Your assignment: Starting at the line containing "This is how" and ending at the line containing "And finally, based", print every line of the material below exactly, both ends included, and stop there.

Data to examine:
Start of Block
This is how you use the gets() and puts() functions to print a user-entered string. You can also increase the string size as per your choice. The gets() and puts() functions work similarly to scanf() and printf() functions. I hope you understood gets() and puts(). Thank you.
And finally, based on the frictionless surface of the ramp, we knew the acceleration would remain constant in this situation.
End of Block
Start of Block
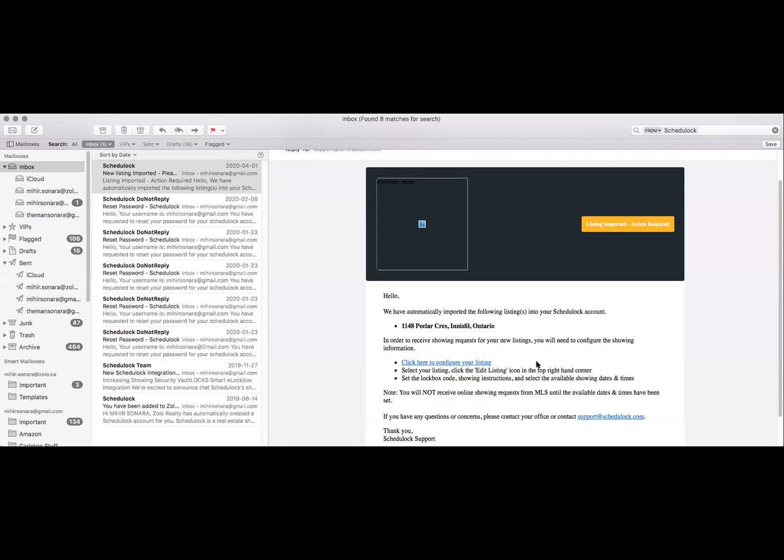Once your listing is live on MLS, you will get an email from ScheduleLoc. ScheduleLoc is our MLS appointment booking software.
End of Block
Final answer:
This is how you use the gets() and puts() functions to print a user-entered string. You can also increase the string size as per your choice. The gets() and puts() functions work similarly to scanf() and printf() functions. I hope you understood gets() and puts(). Thank you.
And finally, based on the frictionless surface of the ramp, we knew the acceleration would remain constant in this situation.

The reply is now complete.